Hiragi Shusuke, Yamada Hiroyuki, Tsukamoto Tatsuo, Yoshida Kazuki, Kondo Naoya, Matsubara Takeshi, Yanagita Motoko, Tamura Hiroshi, Kuroda Tomohiro
Department of Nephrology, Graduate School of Medicine, Kyoto University.
Division of Medical Informatics and Administration Planning, Kyoto University Hospital, Kyoto.
Clin Epidemiol. 2018 Mar 6;10:265-276. doi: 10.2147/CLEP.S158110. eCollection 2018.
Acetaminophen (APAP) is frequently used for analgesia and is considered safer than nonsteroidal anti-inflammatory drugs (NSAIDs) for the kidneys. However, there is little epidemiological evidence of the association between APAP and acute kidney injury (AKI).
To examine the association between APAP and AKI using the self-controlled case series (SCCS) method, which is a novel strategy to control between-person confounders by comparing the risk and reference periods in each patient.
We performed SCCS in 1,871 patients (39.9% female) who were administered APAP and subsequently developed AKI, by reviewing electronically stored hospital information system data from May 2011 to July 2016. We used conditional Poisson regression to compare each patient's risk and reference period. As a time-varying confounder, we adjusted the status of liver and kidney functions, systemic inflammation, and exposure to NSAIDs.
We identified 5,650 AKI events during the 260,549 person-day observation period. The unadjusted incidences during the reference and exposure periods were 2.01/100 and 3.12/100 person-days, respectively.
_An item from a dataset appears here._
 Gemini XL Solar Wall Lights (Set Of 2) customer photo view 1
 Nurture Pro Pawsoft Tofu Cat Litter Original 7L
The incidence rate ratio adjusted with SCCS was 1.03 (95% confidence interval [CI]: 0.95-1.12). When we restricted endpoints as stage 2 AKI- and stage 3 AKI-level creatinine elevations, the incidence rate ratios were 1.20 (95% CI 0.91-1.58) and 1.20 (95% CI 0.62-2.31), respectively, neither of which was statistically significant.
Our findings added epidemiological information for the relationship between APAP administration and AKI development. The results indicated scarce association between APAP and AKI, presumably supporting the general physicians' impression that APAP is safer for kidney.
对乙酰氨基酚(APAP)常用于镇痛,且被认为对肾脏而言比非甾体类抗炎药(NSAIDs)更安全。然而,几乎没有流行病学证据表明APAP与急性肾损伤(AKI)之间存在关联。
采用自控病例系列(SCCS)方法研究APAP与AKI之间的关联,这是一种通过比较每位患者的风险期和参照期来控制个体间混杂因素的新策略。
我们通过查阅2011年5月至2016年7月电子存储的医院信息系统数据,对1871例接受APAP治疗并随后发生AKI的患者(女性占39.9%)进行了SCCS研究。我们使用条件泊松回归比较每位患者的风险期和参照期。作为一个随时间变化的混杂因素,我们对肝肾功能、全身炎症反应以及NSAIDs暴露情况进行了调整。
在260549人日的观察期内,我们共识别出5650例AKI事件。参照期和暴露期未经调整的发病率分别为2.01/100人日和3.12/100人日。经SCCS调整后的发病率比为1.03(95%置信区间[CI]:0.95 - 1.12)。当我们将终点限定为2期AKI和3期AKI水平的肌酐升高时,发病率比分别为1.20(95%CI 0.91 - 1.58)和1.20(95%CI 0.62 - 2.31),两者均无统计学意义。
我们的研究结果为APAP给药与AKI发生之间的关系增添了流行病学信息。结果表明APAP与AKI之间关联不大,这大概支持了全科医生认为APAP对肾脏更安全的观点。